Grimstock

Historical sources
Set formation
Tags
Difficulty

Lively and fairly straightforward 3-part dance.

For some reason people got into the habit of doing this one really slowly. I don't – I ask the musicians to play it like they'd play any lumpy jig in a ceilidh, and it's great fun.

Part 1
A1 (8) Lead up a double and back (4)
Set and turn single left (4)
A2 (8) Lead up a double and back (4)
Set and turn single right (4)
B1, B2 (8) “Grimstock hey”: 1C facing down, 2C and 3C facing up, dance a mirror hey on each side, with the 1C going down between the 2C to begin, and taking inside hands with your partner as you meet at each end.
Part 2
A1 (8) Side right (4)
Set and turn single left (4)
A2 (8) Side left (4)
Set and turn single right (4)
B1, B2 (8) “Dip and dive”: same path as in part 1, but raise joined hands to let the other couple under the arch at each end rather than simply letting go.
Part 3
A1 (8) Arm right (4)
Set and turn single left (4)
A2 (8) Arm left (4)
Set and turn single right (4)
B1, B2 (8) “Crossover heys”: 2C and 3C take the same path as in part 1, while 1C cross down between 2C to hey down the opposite side, then cross up between 2C again to hey back up on their own side.
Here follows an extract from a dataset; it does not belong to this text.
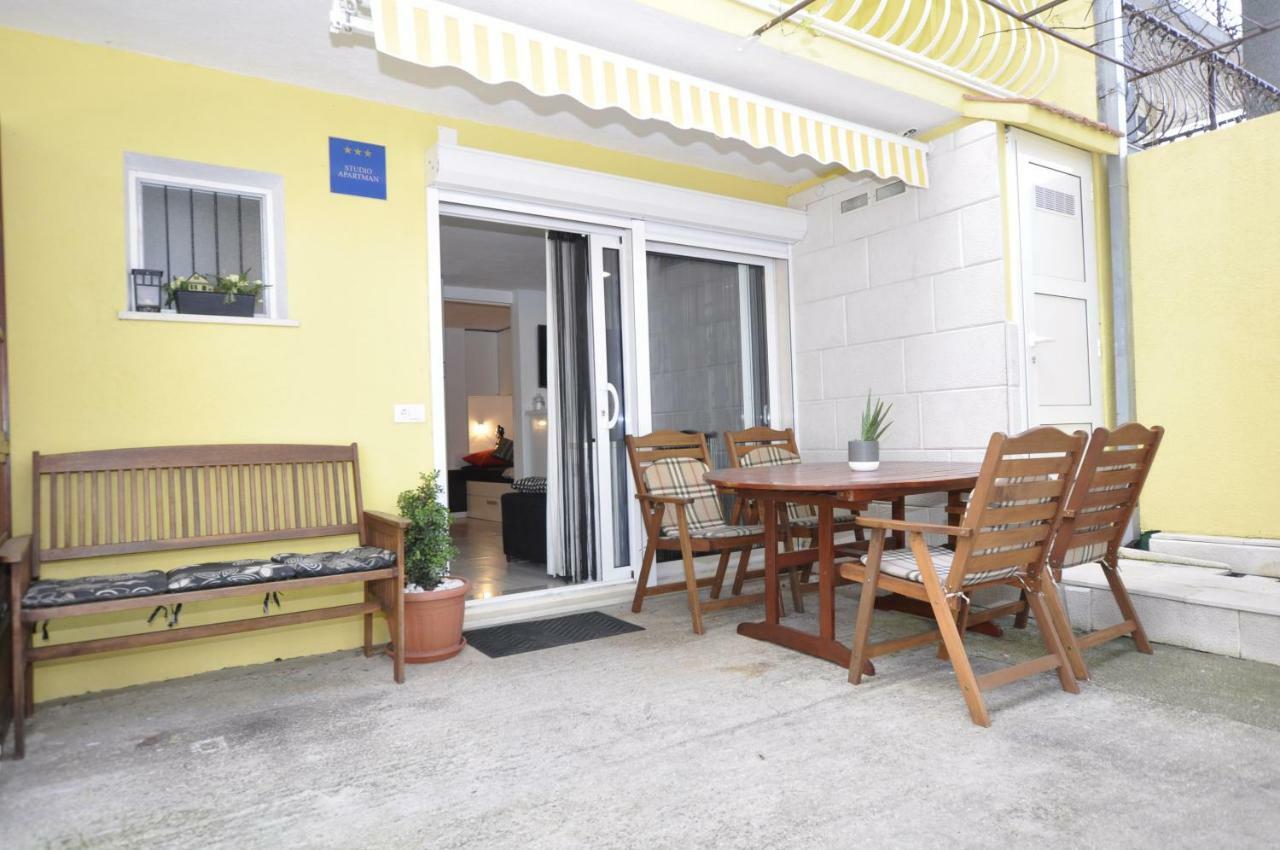 Apartment Toya Slatine Εξωτερικό φωτογραφία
Repeat twice more, each time during the initial lead up a double and back 1C cast to the bottom to let a new couple lead the dance the next time through.

I'm not contributing anything particularly new here but it's of general interest.

The first two figures are fairly unambiguous. For some reason Cecil Sharp interpreted the second figure as a sideways gallop with both hands joined, but I don't see any justification for that, given the number of single-handed arches elsewhere in the repertoire. And of course the “dip and dive” has survived through to modern country dancing.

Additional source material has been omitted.